RECORDS FOR THIS EXERCISE:
######

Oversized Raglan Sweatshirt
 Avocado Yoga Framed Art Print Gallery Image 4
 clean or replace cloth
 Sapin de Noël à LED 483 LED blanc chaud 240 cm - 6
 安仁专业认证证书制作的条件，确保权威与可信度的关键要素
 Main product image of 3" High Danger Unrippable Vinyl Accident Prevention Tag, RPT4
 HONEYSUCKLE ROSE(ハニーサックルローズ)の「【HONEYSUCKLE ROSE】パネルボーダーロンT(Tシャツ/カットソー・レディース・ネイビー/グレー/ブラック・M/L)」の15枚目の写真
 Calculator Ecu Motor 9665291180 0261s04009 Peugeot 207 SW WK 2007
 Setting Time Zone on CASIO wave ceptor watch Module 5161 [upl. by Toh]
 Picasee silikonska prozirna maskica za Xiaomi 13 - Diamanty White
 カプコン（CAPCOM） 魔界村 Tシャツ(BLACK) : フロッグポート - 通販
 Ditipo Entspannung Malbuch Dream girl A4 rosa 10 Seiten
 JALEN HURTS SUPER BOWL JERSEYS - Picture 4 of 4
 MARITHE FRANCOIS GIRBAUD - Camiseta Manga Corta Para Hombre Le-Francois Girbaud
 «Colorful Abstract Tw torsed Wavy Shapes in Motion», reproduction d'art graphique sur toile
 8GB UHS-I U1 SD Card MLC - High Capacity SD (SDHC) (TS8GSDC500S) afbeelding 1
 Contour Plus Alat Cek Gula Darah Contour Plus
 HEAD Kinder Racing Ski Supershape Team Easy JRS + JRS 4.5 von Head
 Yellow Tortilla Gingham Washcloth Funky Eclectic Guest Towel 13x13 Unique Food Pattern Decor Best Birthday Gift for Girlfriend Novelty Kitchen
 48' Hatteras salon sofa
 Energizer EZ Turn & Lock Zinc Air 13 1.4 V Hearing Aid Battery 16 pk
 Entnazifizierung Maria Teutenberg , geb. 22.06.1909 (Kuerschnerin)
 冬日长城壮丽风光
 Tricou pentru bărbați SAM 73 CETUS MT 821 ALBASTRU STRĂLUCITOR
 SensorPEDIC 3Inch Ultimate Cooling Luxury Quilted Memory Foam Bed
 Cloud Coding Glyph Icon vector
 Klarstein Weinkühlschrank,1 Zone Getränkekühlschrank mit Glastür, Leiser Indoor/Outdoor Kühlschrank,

######

EXERCISE PROMPT: Return every line in the records that includes the string "Zone".

YOUR RESPONSE:
 Setting Time Zone on CASIO wave ceptor watch Module 5161 [upl. by Toh]
 Klarstein Weinkühlschrank,1 Zone Getränkekühlschrank mit Glastür, Leiser Indoor/Outdoor Kühlschrank,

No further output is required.